Lorsqu’on connaît l’œuvre de Matisse, on ne peut s’empêcher de penser à son traitement des couleurs : éclatantes, multiples et vives. Or cette fascination réelle du peintre n’est pas ressentie immédiatement, il semble que ce dernier dut la découvrir lui-même. En 1895, il entreprend un voyage en Bretagne où il se passionne pour les couleurs de l’arc-en-ciel, à son retour, il entreprend ses premières œuvres véritablement « marquantes ». Dans La table servie (1897), on perçoit un traitement des couleurs neuf, pur, sans encombrement ni complexité ; on y ressent l’influence des impressionnistes (et surtout de Camille Pissarro) qu’il découvre au moment de son voyage en Bretagne (ou quelques temps auparavant).

La table servie, 1897

Le tableau cependant reste fade, froid, et il sera critiqué lors de sa présentation au Salon de la Société nationale. Métaphoriquement, on peut voir dans ce tableau une sorte de retenue, presque pudique de la part du peintre. Les couleurs sont rares et timides, comme si le tableau cachait toute manifestation de vie alors même qu’on y voit une femme arrangeant le bouquet de fleurs disposé sur une table débordante de fruits et de boissons colorées. Or au centre du tableau, on voit (ce qui semble être) une carafe d’eau, et qui selon moi représente à merveille ce tableau : techniquement maîtrisé, plein de reflets lumineux, immaculé, mais diaphane, quasiment transparent, sans caractère. Il semble qu’au moment où Matisse réalise son œuvre, il n’a pas encore saisi l’essence de son travail, qu’il n’a pas forgé son caractère d’artiste, son empreinte.

Matisse quittera les Beaux-Arts en 1898 et voyagera en Angleterre et dans le sud de la France. En Angleterre, il étudiera les tableaux de William Turner (1775-1851), illustre pour son traitement révolutionnaire de la lumière. L’étude de Turner aura sans aucun doute révélé à Matisse l’importance de la vivacité des couleurs, de la lumière naturelle, etc.

Suite à son voyage en Angleterre, il se rend en Corse et passe l’été à Ajaccio. Ce séjour méditerranéen sera le premier choc que subira le peintre : il sera fasciné par les couleurs vives et par le soleil éclatant de l’île de Beauté. Il rentrera ensuite à Paris et débutera sa métamorphose artistique : l’enfant du nord était tombé amoureux du sud.

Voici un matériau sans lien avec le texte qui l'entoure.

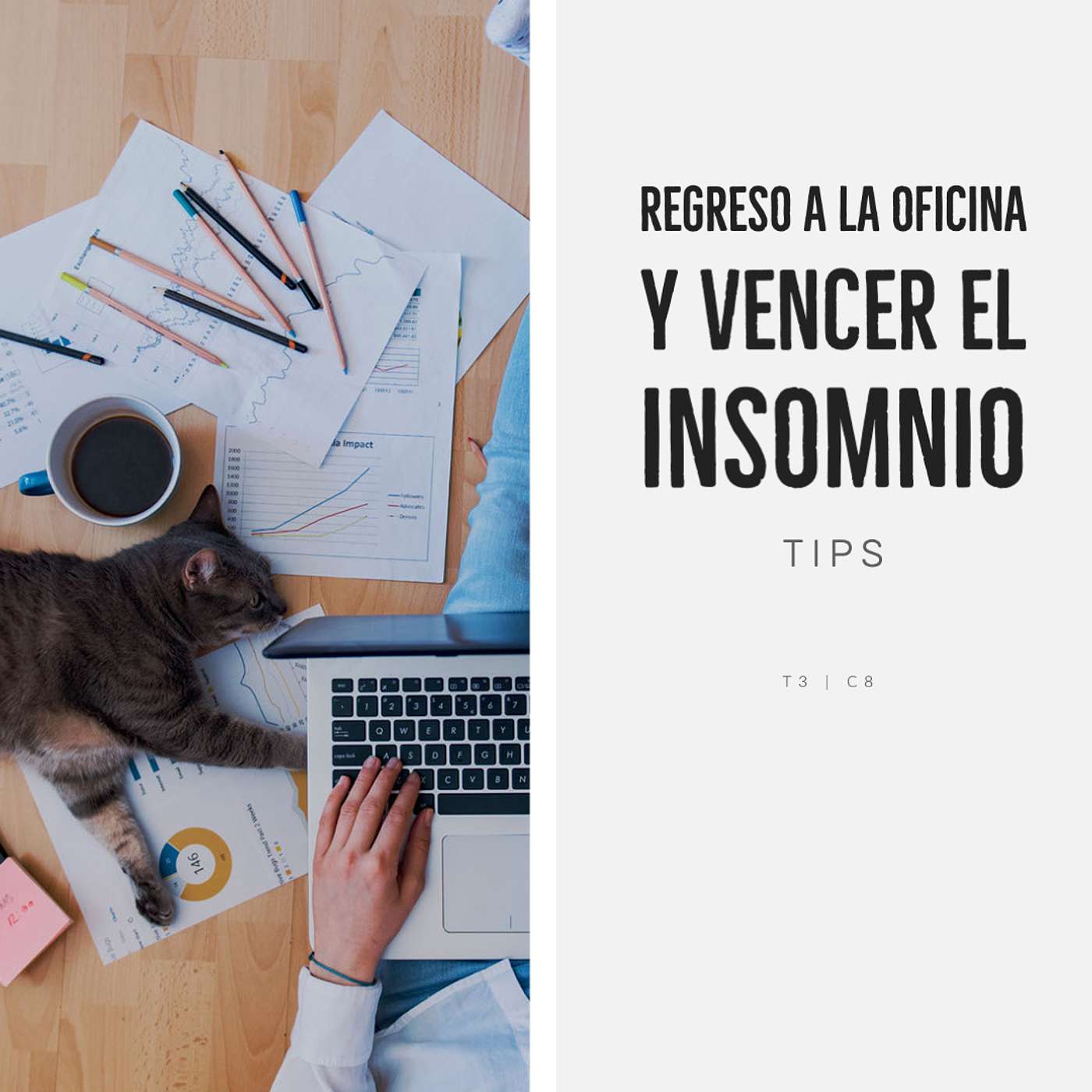 Regreso a la oficina y vencer el insomnio | Ambiente Mexicano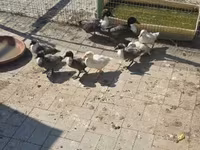 Ducks — ፎቶ 1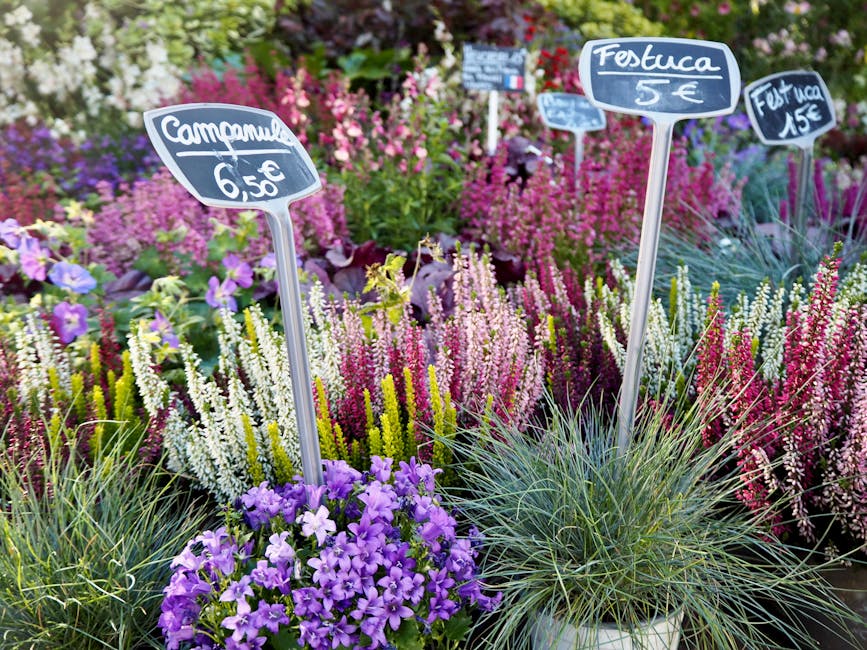 https://nineelmsflorist.co.uk/blog/where-to-buy-flowers-at-new-covent-garden-market/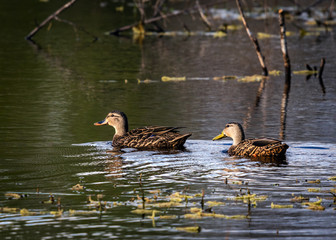 Mottled Duck in a pond along the nature trail in Pearland!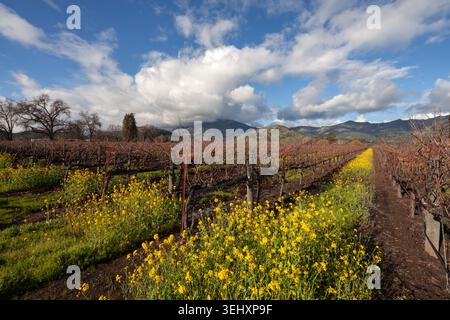 Une belle vue sur le vignoble avec des fleurs sauvages de moutarde jaune éclatantes fleurissant épais entre les rangées de vignes matures sous un ciel bleu Banque D'Images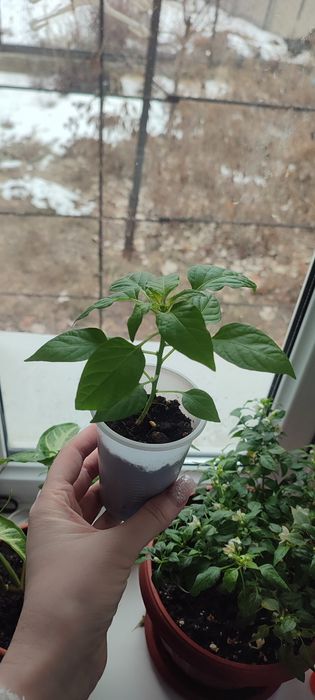 Рассада перца, крепкие здоровые саженцы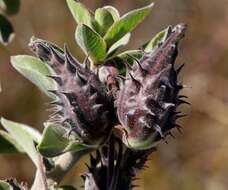 Image of Mountain milkbush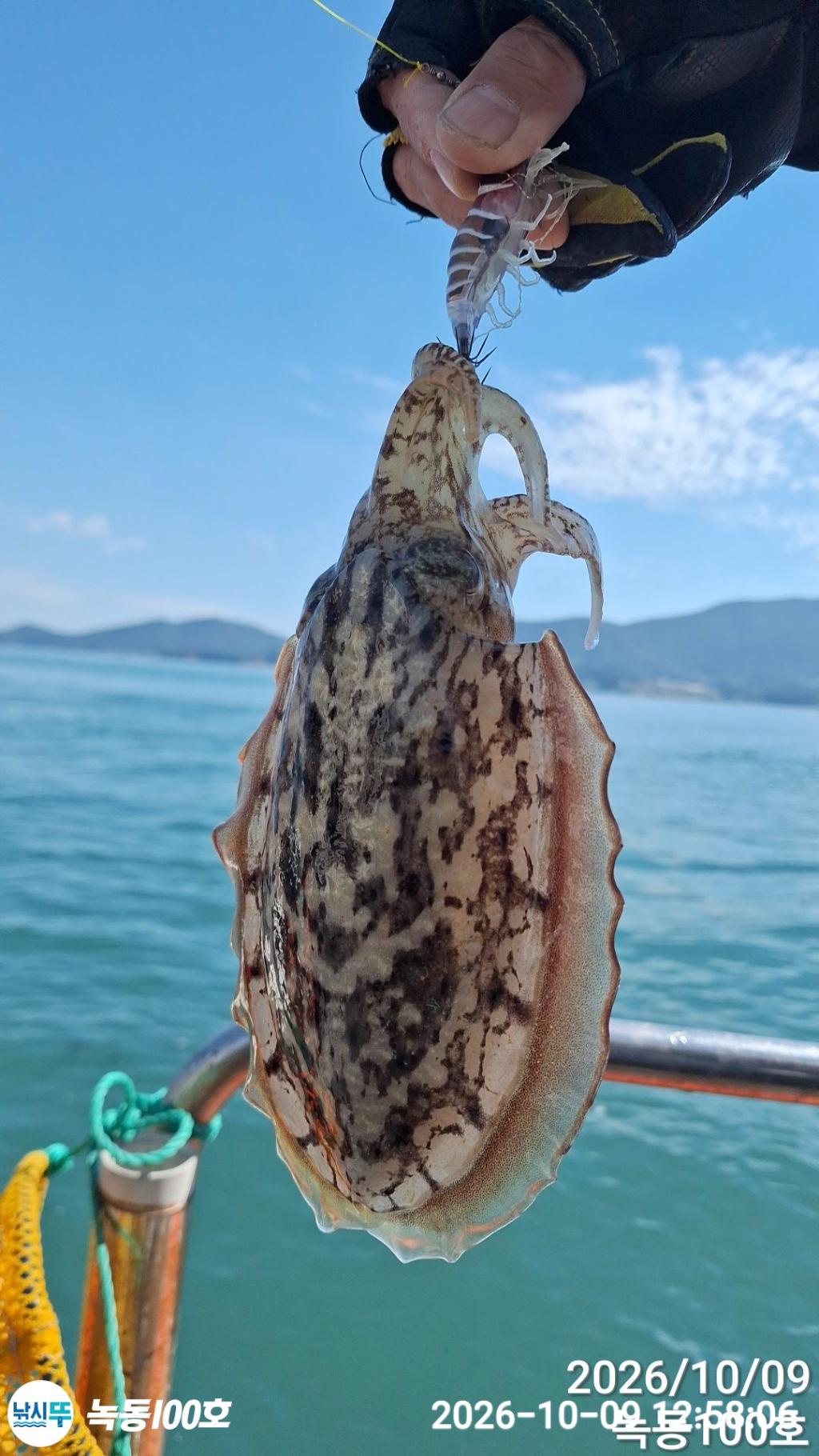 낚시뚜,갑오징어,돌문어,녹동항,녹동100호,낚시뚜8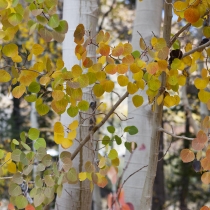 Aspen Leaves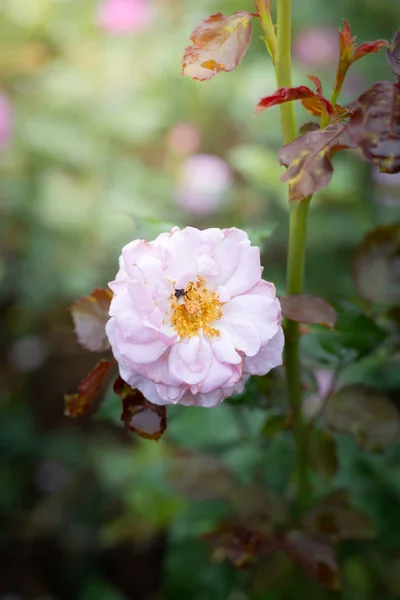 Rosas en el jardín — Foto de Stock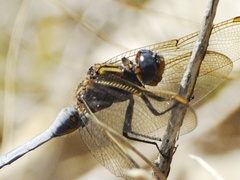 Orthetrum rubens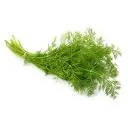 Dill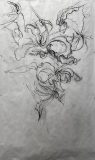 Line Study for ‘Fire lilies’ 46”h x 32”w installed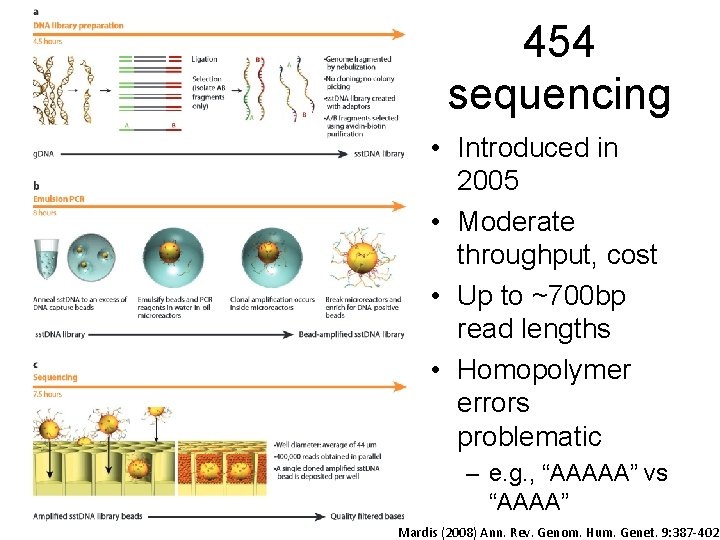 454 sequencing • Introduced in 2005 • Moderate throughput, cost • Up to ~700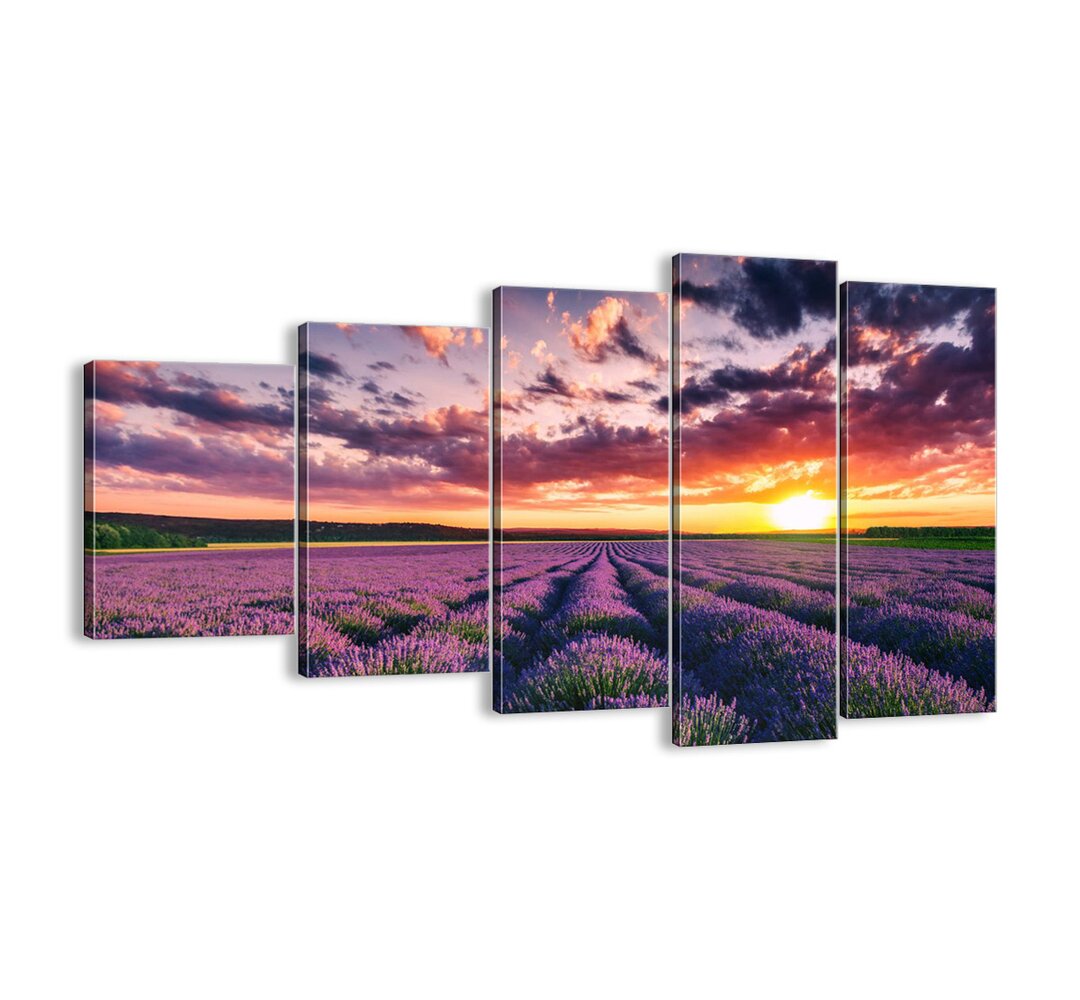 5-tlg. Leinwandbilder-Set - Fotografie „Lavender World”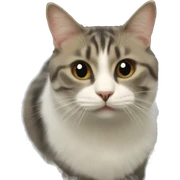 cat sticker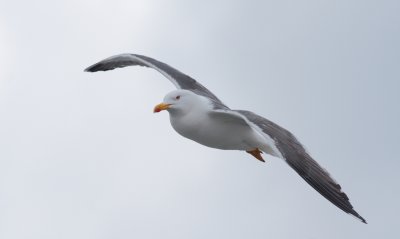 Kleine mantelmeeuw / Lesser black-backed gull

Entre 1899 et 1905 environ, Matisse traverse une période financièrement et artistiquement difficile. Il peine à gagner de quoi subvenir à ses besoins et à ceux de sa famille, et son identité d’artiste commence à peine à se dévoiler : les couleurs deviennent peu à peu sensibles, et bientôt elles seront l’unique matière de ses tableaux, au-delà du simple fait matériel, les couleurs vives et profondes seront la raison d’exister de l’artiste. Cette période est marquée par sa découverte de Cézanne, et son inspiration se ressent dans quelques tableaux de l’époque (Homme nu, 1900, ci-dessous).

Homme nu, 1900

Il est intéressant de remarquer la rareté des nus masculins dans l’œuvre de Matisse : ceux-ci s’inscrivent tous dans la période que nous étudions actuellement (pour être absolument précis, entre 1899 et 1903). Durant cette période, le peintre fait des rencontres décisives : il rencontre André Derain (1880-1954) qu’il peindra en 1905, et Maurice de Vlaminck (1876-1958) ; deux peintres qui partageront avec Matisse la même passion des couleurs, les mêmes préceptes artistiques. L’année 1905 est un tournant incontestable dans la carrière et la vie de Matisse. Il passera l’été dans la ville de Collioure, dans le sud de la France, avec Derain et Vlaminck, et c’est sans aucun doute l’influence des couleurs naturelles illuminées par le soleil d’été qui ont révolutionné la conception artistique du peintre. C’est une année charnière d’autant plus lorsqu’on étudie les tableaux du maître d’une année à l’autre : en 1904, on sent encore l’hésitation du peintre, sa recherche du sens, ses inspirations et influences (la mosaïque, le pointillisme, notamment dans Luxe, calme et volupté ci-dessous). Le passage à l’année 1905 est un point de non-retour, et ses productions artistiques d’alors se verront inchangées dans les techniques et dans l’approche pendant une grande partie de la carrière de l’artiste.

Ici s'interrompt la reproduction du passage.